Filed Under: Health News, Medical Malpractice

New Research on COVID-19 and Pregnancy

Wednesday, May 20, 2020 By Letty Condon

With the current global COVID-19 pandemic, pregnant women may be concerned over how the infection may affect them, their pregnancy and their baby at birth and beyond. New research from New York has looked at the impact that COVID-19 can have on pregnant women and reassuringly has shown no cases where the infection was passed from mom to baby during the pregnancy.

COVID-19 is a viral infection and can cause symptoms including cough, fever, feeling of breathlessness and loss of the sense of smell. The virus itself belongs to a family of viruses, namely the coronaviruses. Coronaviruses are responsible for infections like the common cold as well as severe diseases that have caused critical outbreaks in the past: Severe Acute Respiratory Syndrome (SARS) and Middle East Respiratory Syndrome (MERS).

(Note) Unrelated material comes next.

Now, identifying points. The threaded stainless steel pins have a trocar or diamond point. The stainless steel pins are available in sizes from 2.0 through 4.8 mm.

There are viral infections which are known to affect pregnant women more severely because they are pregnant. There are others that can be passed from mom to baby and affect the way the baby grows and develops in the womb, and can mean that the baby is unwell after birth. The way COVID-19 affects women and unborn babies is not fully understood. The SARS and H1N1 pandemics showed that pregnant women were more vulnerable to developing serious illness when infected and women who were pregnant were more likely to die than women of the same age and health who were not pregnant. Pregnancies affected by influenza during the pandemic in 1918 were also at increased risk of premature birth and of babies dying before delivery.

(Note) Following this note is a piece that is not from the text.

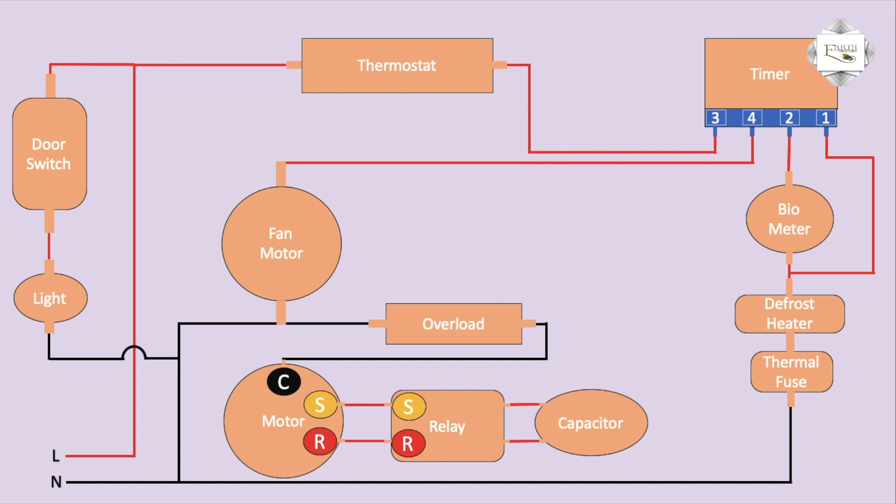Compressor motor negative connection complete. Starting winding outgoing goes to timer pin number four. Running connection and starting control connect to compressor motor.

Unsurprisingly, many are concerned about how pregnant women and their unborn babies may be affected during this pandemic. There has been research already published looking at pregnancy and COVID-19. The number of women that has been studied is small. Some of these studies have shown no increased risk of premature birth or complications for the baby, whereas others have found that there is an increased risk of premature birth and that both the mothers and babies are more vulnerable to becoming unwell prior to and after delivery than those without COVID-19.

The new research looked at 43 pregnant women with COVID-19 who were cared for in two New York hospitals over a 2 week period. The women looked at in this study were nearly all in their third trimester. The results found that 86% of the women with COVID-19 had mild disease, less than 10% had severe disease and 2 women (equating to less than 5%) had critical disease meaning they needed support on the Intensive Care Unit (ICU). Nearly a third of those who tested positive had no symptoms of COVID-19. Of those who delivered during this time, more than half had uncomplicated normal vaginal deliveries. All who delivered were given an epidural (or equivalent) prior to delivery and no complications were seen as a result. All babies delivered in this time had good Apgar scores and so were not struggling with their breathing or circulation in the minutes after birth. None of the babies tested positive for COVID-19

This research is still small in terms of the number of women studied. It also does not tell us how COVID-19 may affect how a baby develops early in pregnancy. It is difficult to draw conclusions about how pregnant women may be affected when compared to women who are not pregnant. The percentage of the group studied who were severely affected was similar to that in the general population but this is not a fair comparison. Pregnant women are, on average, younger and less likely to be affected by other medical conditions than the general population. Older people with other health conditions are more at risk of developing severe illness with COVID-19 infection. However, it is reassuring that the majority of women in this group either had no symptoms or had mild disease. Also, none of the babies tested positive for COVID-19 and nearly all were well during the first few days and weeks of life at which point the study was completed.